In spite of the fact that it is one of the country's most wretched zones, the Valley of Jequitinhonha in Minas Gerais has been the main and paradigmatic goal of the "citizen caravans" of the candidate Lula --in more than one of his presidential campaigns-- and one of the zones chosen to play the new government's strong card --the Hunger Zero plan-- it is odd to note that nothing has been said about the concrete reason (in addition to generic reasons due to socio-economic and perhaps political underdevelopment) that has led this part of the territory of Minas Gerais to such a degraded and economically unsustainable condition. However, some testimonies by representative personalities in the region, during radio interviews on the occasion of the visit by the presidential committee, reported that some 26 years ago the Jequitinhonha was a fertile valley, with many crops and cattle raising and that it started "drying up" due to the substitution of native forests by the indiscriminate plantation of eucalyptus.

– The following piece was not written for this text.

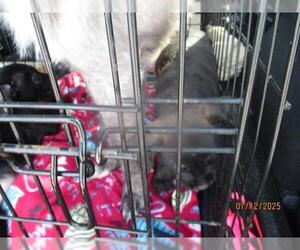 Labrador Retriever-Unknown Mix Dogs for adoption in Oklahoma City, OK, USA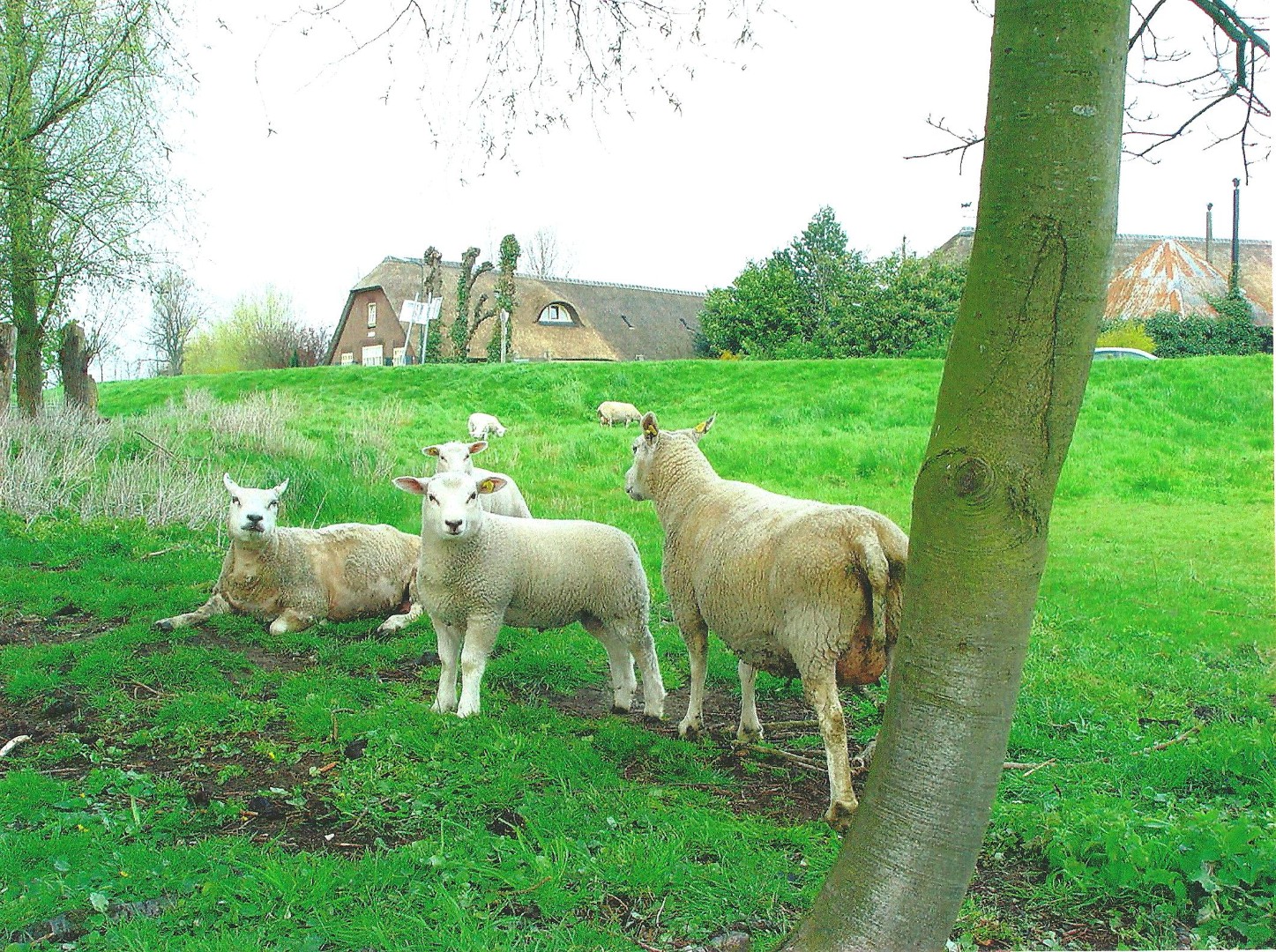 Schapen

Faced by the dramatic previsions of the UNESCO report on the diminishing of springs over the next 20 years --a report submitted to the 3rd World Water Forum held in Kyoto-- and facing the possibility that all the remnants of biodiversity will be damaged, together with the water resources available to supply the largest (and most important) Brazilian city, it would be valuable to discuss the risks of the rapid and on-going substitution of riparian native forests by eucalyptus plantations in the municipalities close to the city, such as Nazaré Paulista --where the Atibainha dam is located, the main spring of the Cantareira System-- Piracaia, Joanopolis and others. Because in this zone, mainly over the past five years, a beautiful and varied native vegetation that harbours natural springs, streams and small rivers and is the habitat of a wealth of wildlife, has given way to monotonous lines of identical trees, that have nothing to attract birds --or any other species of fauna-- and that are quickly cut down to be used as firewood. Only a few areas are left that have resisted illegal logging or the sterile "reforestation" of eucalyptus "cultivation." These are not trees benefiting the cellulose industry --as the zone does not have one nor would it be feasible due to its characteristics-- and still less do such plantations respond to technical criteria for the redistribution and/or preservation of a percentage of native forests. It is only wood that has drunk a lot of water, but that can only be used as firewood…
In the old controversy over the environmental effects of eucalyptus plantations, in spite of the arguments --generally based on scientific work sponsored by major companies that industrially exploit this tree-- endeavouring to present as simple "myths" the damage caused by eucalyptus to soil fertility and to springs, ample bibliography exists proving at least three basic aspects: this tree's high demand for water can deplete ground humidity and harm ground-water recharge, destabilizing the water cycle; the great intake of nutrients by the roots can generate a major deficit in the soil and destabilize the nutrient cycle; the release of chemical substances --or alelopathic effects on the micro-flora-- can alter plant and micro-organism growth and further reduce soil fertility.
The United Nations Food and Agriculture Organization (FAO) and many other international bodies, in addition to universities and European, Indian, Australian and South African scientific institutes, have discussed the issue at length, but very often environmental concerns clash with the interests of industrial groups that rely on this tree of Australian origin, which started to be grown in Europe in the middle of the nineteenth century (and in Brazil at the beginning of the twentieth century). Already in 1887, there were reports in South Africa --one of the first countries to establish large-scale eucalyptus plantations-- testifying that the climate of the country was becoming dryer, the previously abundant water sources were decreasing and the watercourses were becoming intermittent.
One hundred years later, in 1987, the Portuguese author, Antero Gonçalves wrote a book with the title of "Eucalyptus and Man," in which he states: "It is not worth continuing to repeat that the eucalyptus is against human beings, it is against the land, it is against water, it is against everything. It is hard to understand how the people in the countryside accept tranquilly and quietly that the best arable lands are corrupted by the infernal globule [Eucalyptus globulus] that threatens to turn us into a desert." In Spain a movement exists promoting the plantation of native species, called the Phoracantha Club, in homage to the beetle [the longhorned borer] that destroys eucalyptus trees.
It is not without reason that the laws of many countries restrict this type of plantation. In Brazil, a law has been adopted in Espirito Santo, prohibiting new plantations of eucalyptus in this state. It would be advisable for Sao Paulo to also establish similar restrictions, at least in areas with important springs, such as the one mentioned above, and thus avoid witnessing in a few years time the still diversified (and not desertified) parts of the Nazare Paulista vegetation --with its native forests, its natural springs, its birds, its monkeys and even wildcats, at only one hour from the capital-- converted into a desolated Jequitinhonha that only lends itself to the visit of tearful caravans of future presidential campaigns, while in Sao Paulo we will have to buy drinking water at the price of gold (or of clean air).